The velocity vector makes a 45° angle with the axes at time \( t = \frac{2b}{3c} \).

Step-by-step solution

Represent Velocity Vector

The velocity vector \( \vec{v} \) can be found by taking the derivative of the position vector \( \vec{r} \) with respect to time \( t \). Calculating this gives:\[ \vec{v} = \frac{d}{dt}(bt^2\hat{\imath} + ct^3\hat{\jmath}) = 2bt\hat{\imath} + 3ct^2\hat{\jmath} \]

Define Angle Condition

The angle \( \theta \) that the velocity vector makes with the \( x \)-axis is given by:\[ \tan(\theta) = \frac{v_y}{v_x} = \frac{3ct^2}{2bt} \]Since the velocity vector makes a 45.0\(^\circ\) angle with the axes, \( \theta = 45.0\) degrees, and \( \tan(45^\circ) = 1 \).

Set Up Equation

From the condition \( \tan(\theta) = 1 \), we have:\[ \frac{3ct^2}{2bt} = 1 \]

Solve for t

Simplify the equation:\[ \frac{3ct}{2b} = 1 \]Multiply both sides by \( 2b \):\[ 3ct = 2b \]Solve for \( t \):\[ t = \frac{2b}{3c} \]

Key concepts

derivative of vector functions

Understanding the derivative of vector functions is crucial in vector calculus. When we talk about the derivative of a vector function, like the position vector \( \vec{r} = bt^2\hat{\imath} + ct^3\hat{\jmath} \), we want to find how this vector changes with time. This change is represented by the derivative function, often known as the velocity vector. To derive it, we differentiate each component separately with respect to time \( t \). In our example, we take the derivative of \( bt^2 \hat{\imath} \), giving \( 2bt \hat{\imath} \), and the derivative of \( ct^3 \hat{\jmath} \), resulting in \( 3ct^2 \hat{\jmath} \). Hence, the velocity vector is \( \vec{v} = 2bt\hat{\imath} + 3ct^2\hat{\jmath} \).This tells us how fast and in which direction the position vector is changing at any given point in time. Understanding this concept helps us solve problems related to objects in motion.

angle between vectors

In vector calculus, the angle between vectors is an essential concept. It helps describe how one vector orientation relates to another. When the velocity vector \( \vec{v} = 2bt\hat{\imath} + 3ct^2\hat{\jmath} \) makes a specific angle with the coordinate axes, we can use this relationship to find time \( t \).We often use the tangent function to find angles between vectors and axes.
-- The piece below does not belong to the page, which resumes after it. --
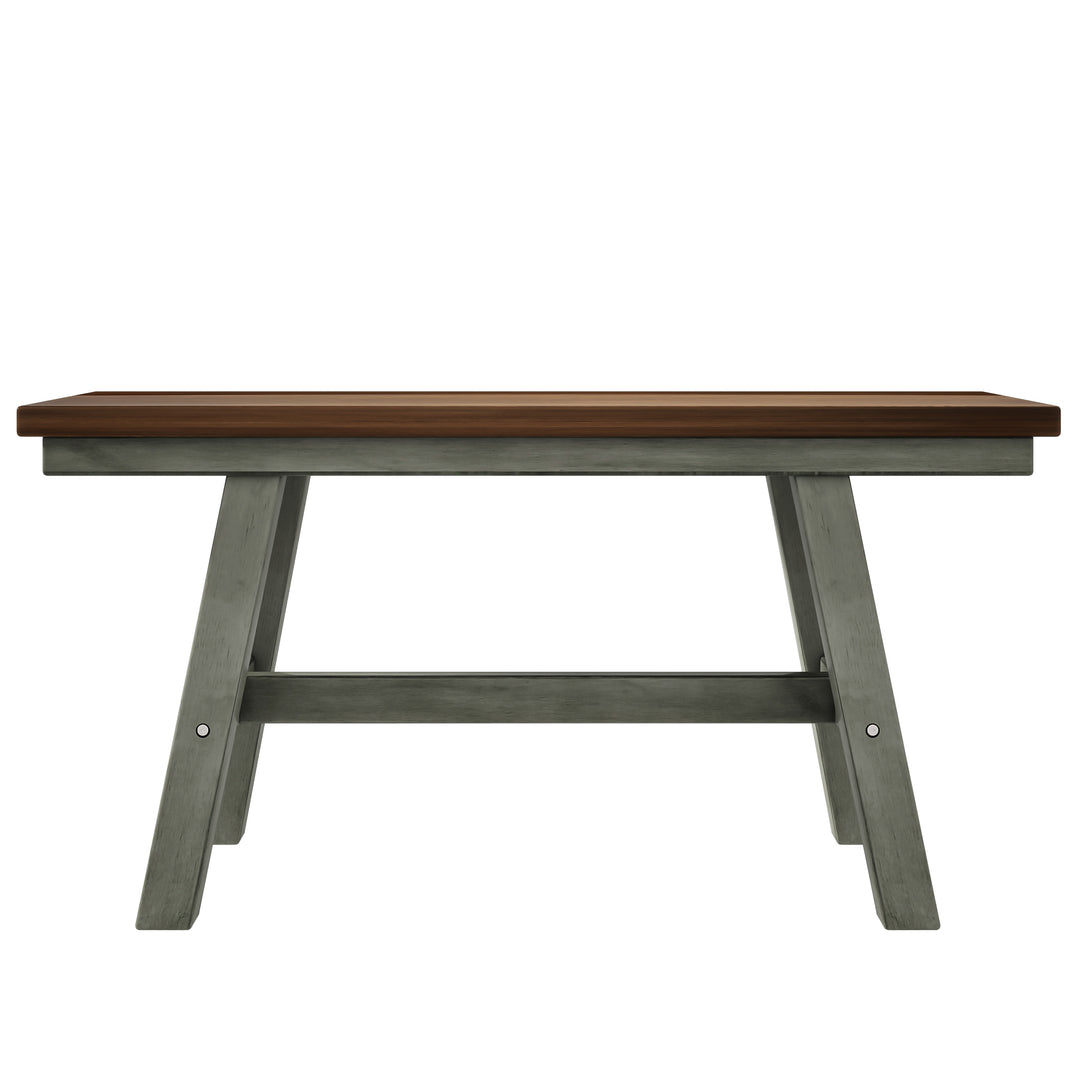 6-Piece Wood Dining Table Set Kitchen Table Set with Long Bench and 4 Dining Chairs, Farmhouse Style, Walnut+Gray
The tangent of the angle \( \theta \) that a vector makes with the \( x \)-axis is given by the ratio of its \( y \)-component to its \( x \)-component, \( \tan(\theta) = \frac{v_y}{v_x} \). If the angle is \( 45^\circ \), the tangent value is 1, simplifying your calculations and allowing for easy comparison of components:

• Convert this angle condition into a mathematical equation by setting the ratio equal to 1.
• This equivalency helps solve for unknowns like time \( t \) when given specific angle conditions.

Knowing how to handle these calculations is key for analyzing movement directions and vectors.

position and velocity vectors

Position and velocity vectors are fundamental concepts in physics and vector calculus. A position vector \( \vec{r} \) describes the position of an object in space as a function of time. For example, the vector \( \vec{r} = bt^2\hat{\imath} + ct^3\hat{\jmath} \) gives the object's position along the \( x \)- and \( y \)-axes as time evolves. Velocity vectors, on the other hand, express how fast the object is moving and its direction. It is derived by differentiating the position vector with respect to time. This yields the velocity vector \( \vec{v} = 2bt\hat{\imath} + 3ct^2\hat{\jmath} \). The components of velocity tell us the rate of change along each axis:

• \( 2bt \hat{\imath} \) indicates the velocity in the \( x \)-direction.
• \( 3ct^2 \hat{\jmath} \) describes the velocity in the \( y \)-direction.

By analyzing these vectors, we can determine how objects change position over time and their respective motion paths. Understanding this relationship is essential for predicting future positions and velocities from a set of initial conditions.